Это – я почти забыл,
это – я почти заснул.
– Ничего ты не забыл,
не забыл и не заснул.
отдохни, а потом запевай как не положено.
отдохни, а потом – начинай, как
придется.
Рифменная
и метрическая «шаткость», приблизительность, даже формальная размытость в этих
текстах – умышлены и естественны, в то время как скрепляющая роль зачастую отведена верно подобранному звукоряду. Собственно
посредством формалистического остранения вкупе с
органичной звукописью поэтического высказывания поэт, словно «истекающий клюквенным соком естественной
речи», выказывает протест автоматизму и строгой оформленности,
восстает против «мрака, грима, срама,
опять погрома». При бесспорном наличии четкой композиционной связи между
отдельными текстами, при всем их тонко продуманном единстве обращает на себя
внимание частая внутритекстовая фрагментарность поэтической
речи, формальная «осколочность» и недосказанность,
когда «звук сбивается с такта, в слова
попадает некстати». И все это предстает не средством нагнетания смысловой
завуалированности, а – по Бродскому – «прыжком через само собой разумеющееся»:
точка и запятая у Кутенкова подчас играют примерно ту
же роль, что цветаевское тире:
Я уронен был и разобран для,
поднят над и оторван от.
Или же такое сжатие
«тишины» до телеграммного «тчк»:
повторяю два слова, журча, как
вода из-под крана:
умер, умер, люблю – тишина, –
умер. Умер. Люблю.
Приведенная
выше последняя строка из стихотворения «Памяти Бориса Рыжего», вероятно, являет
собой звуковой слепок, пространное эхо предсмертной записки поэта: «Я всех вас
люблю. Без дураков». С Рыжим, как и
с Есениным, автора роднит, прежде всего, интонация – нервная, исповедальная, с
которой, по сути, и должна вестись от первого лица прямая речь.

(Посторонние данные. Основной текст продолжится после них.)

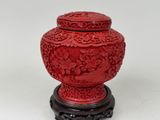 a red vase sitting on a stand with a bird on it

Однако сия
интонация есть не что иное, как озвучивание внутреннего вызова самому себе, поэта
– «больше черного горя» – поэту: «Что убьет тебя, молодой? Вина. / Но вину свою
береги» (Рыжий). «И это продолжающееся чувство вины –
как и самое творчество […] – приводит, как это ни
парадоксально, к невероятному нравственному развитию индивидуума. Это развитие,
приводящее к более высокой степени душевной тонкости», – говорил Бродский об Одене и о поэте вообще.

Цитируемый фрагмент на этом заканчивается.